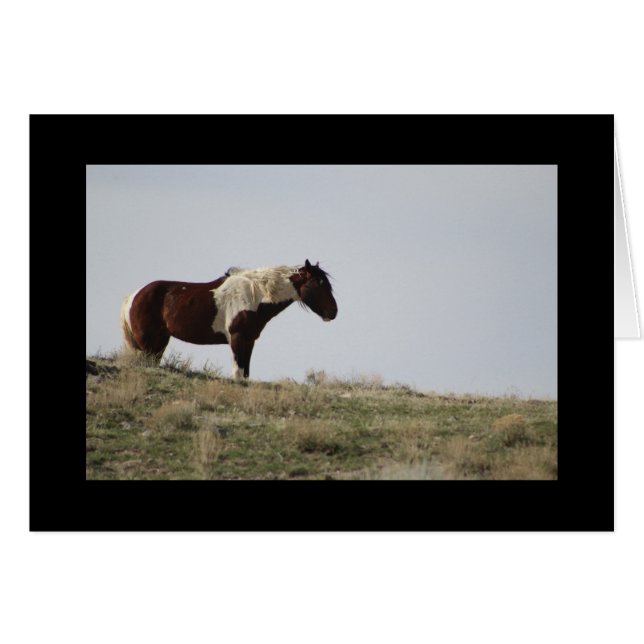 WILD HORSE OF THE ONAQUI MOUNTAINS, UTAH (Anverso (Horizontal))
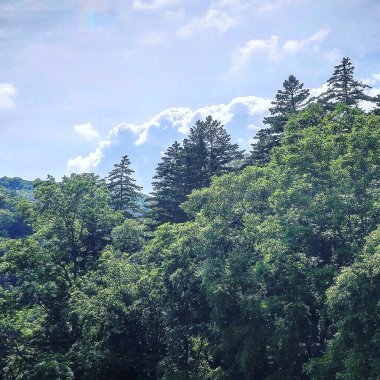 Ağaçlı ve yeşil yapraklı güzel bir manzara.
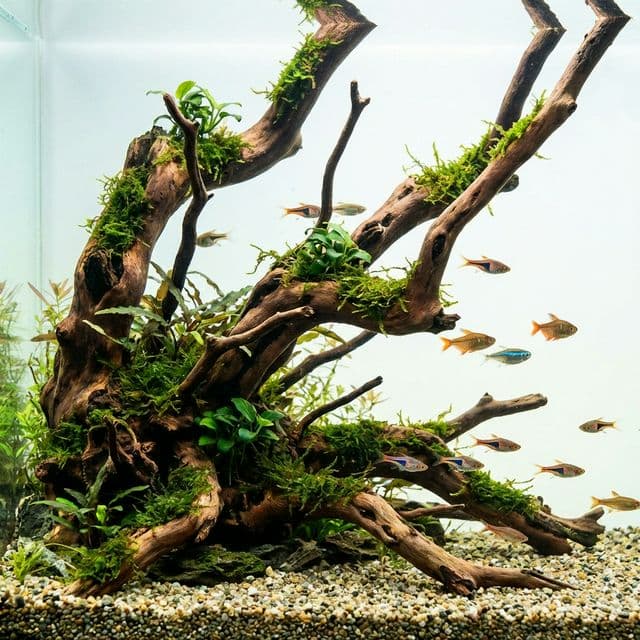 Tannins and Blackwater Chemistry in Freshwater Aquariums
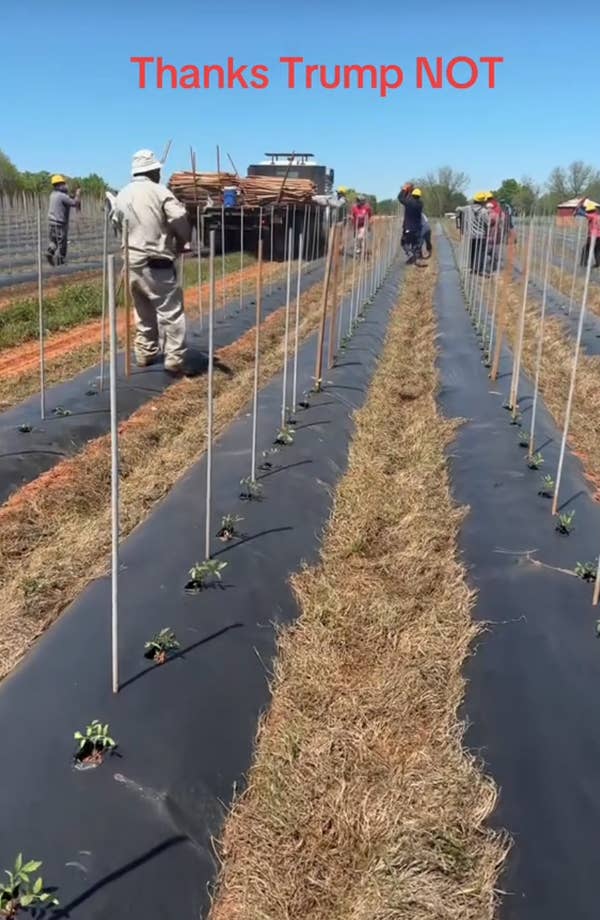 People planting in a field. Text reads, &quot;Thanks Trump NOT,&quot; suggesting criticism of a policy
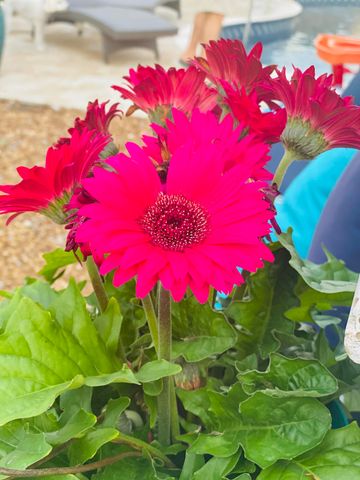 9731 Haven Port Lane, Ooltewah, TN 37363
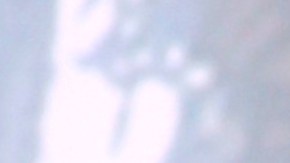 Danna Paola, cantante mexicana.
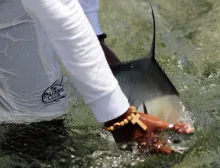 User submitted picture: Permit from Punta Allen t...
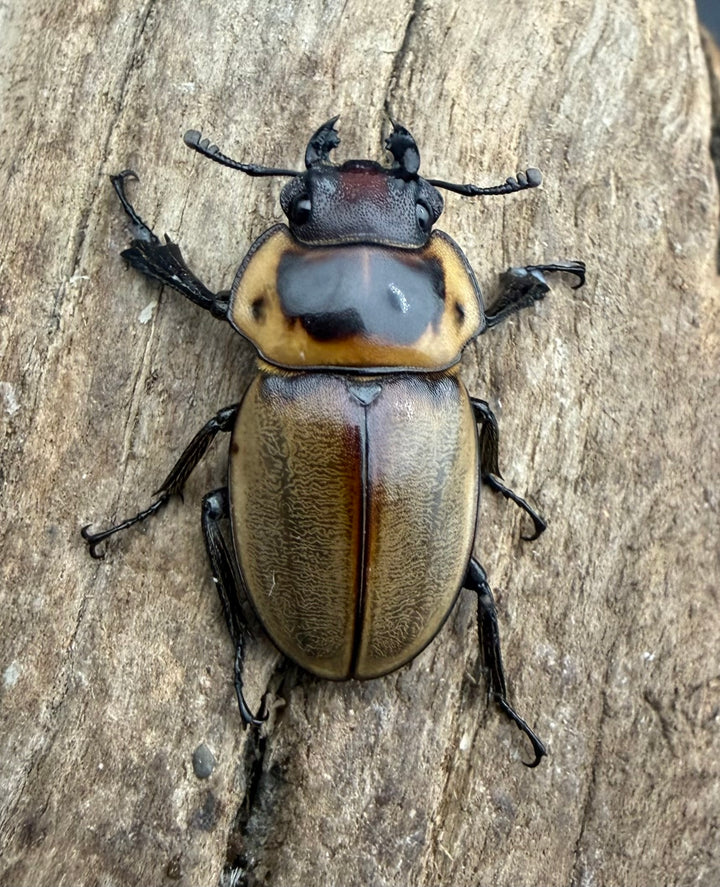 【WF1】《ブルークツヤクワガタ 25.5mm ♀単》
________
• WORK INSTRUCTIONS
Leave out the pictures. Transcribe only the lines above, from the first through the one that contains "Danna Paola, cantante mexicana.".

• WRITTEN RESPONSE
 WILD HORSE OF THE ONAQUI MOUNTAINS, UTAH (Anverso (Horizontal))
 Ağaçlı ve yeşil yapraklı güzel bir manzara.
 Tannins and Blackwater Chemistry in Freshwater Aquariums
 People planting in a field. Text reads, &quot;Thanks Trump NOT,&quot; suggesting criticism of a policy
 9731 Haven Port Lane, Ooltewah, TN 37363
 Danna Paola, cantante mexicana.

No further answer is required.